In a summation Wednesday, U.S. Secretary of the Interior Deb Haaland said the department plans on appealing the ruling on the grounds the Seminole Tribe’s sports betting venture did not violate the Indian Gaming Regulatory Act.
Haaland’s appeal comes two months after U.S. District Judge Dabney Friedrich ruled the Seminole Tribe’s Florida sports betting application violates the act, which restricts gambling activities to tribal land.
“The State and the Tribe may agree to a new compact … that allows online gaming solely on Indian lands,” Friedrich wrote in November’s ruling. “Because the most recent compact is no longer in effect, continuing to offer online sports betting would violate federal law.”
Why Florida Sports Betting Went to Court
The tribe launched its sports betting operation Nov. 1, without advance notice, giving Floridians the opportunity to bet on live action via their Hard Rock Sportsbook app.
The tribe’s sports betting activities were quickly quelled, after a pair of lawsuits, including West Flagler Associates’ suit against Haaland and the DOI over the compact signed with the Seminole Tribe.

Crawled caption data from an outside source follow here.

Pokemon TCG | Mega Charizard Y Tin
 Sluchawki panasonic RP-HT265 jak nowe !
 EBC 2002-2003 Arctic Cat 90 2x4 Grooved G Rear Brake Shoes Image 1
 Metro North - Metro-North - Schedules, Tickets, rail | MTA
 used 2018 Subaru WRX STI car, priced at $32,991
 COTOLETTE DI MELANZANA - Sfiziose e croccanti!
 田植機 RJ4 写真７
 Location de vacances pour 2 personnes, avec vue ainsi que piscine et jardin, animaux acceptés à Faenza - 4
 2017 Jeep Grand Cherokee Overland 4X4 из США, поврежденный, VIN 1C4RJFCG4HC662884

That suit centered around the argument the tribe shouldn’t have a monopoly on the state’s fledgling sports betting marketplace. West Flagler Associates owns Magic City Casino, near Miami, and Bonita Springs Poker Room on Florida’s Gulf Coast.
The other suit argued the compact was illegal as it wasn’t approved by at least 60% of the state’s voters, which is a stipulation under a state amendment. The compact was signed by Gov. Ron DeSantis and Seminole Chairman Marcellus Osceola Jr. in May.
A political action committee that has received $10 million apiece from DraftKings and FanDuel seeks to get a proposition measure on the 2022 ballot that would legalize sports betting at professional sports arenas and other sites in Florida.
What’s Behind the U.S. DOI Appeal
A major hang-up with the Seminole Tribe’s sports betting rollout was their use of a “hub-and-spoke” system, in which their servers that processed sports betting wagers were located on tribal land, but wagers were allowed anywhere in the state.
That nuance led to Friedrich’s ruling against the compact in November. The Tribe pulled down its betting app in early December.
Now, Haaland and the U.S. DOI are appealing that decision, arguing the Florida-Seminole tribe compact only granted in-person sports betting and the state’s law authorized online sports betting.
It’s unclear whether the court will take up the DOI’s appeal, and there is no deadline for Friedrich or any other district judge to accept or reject the department’s appeal.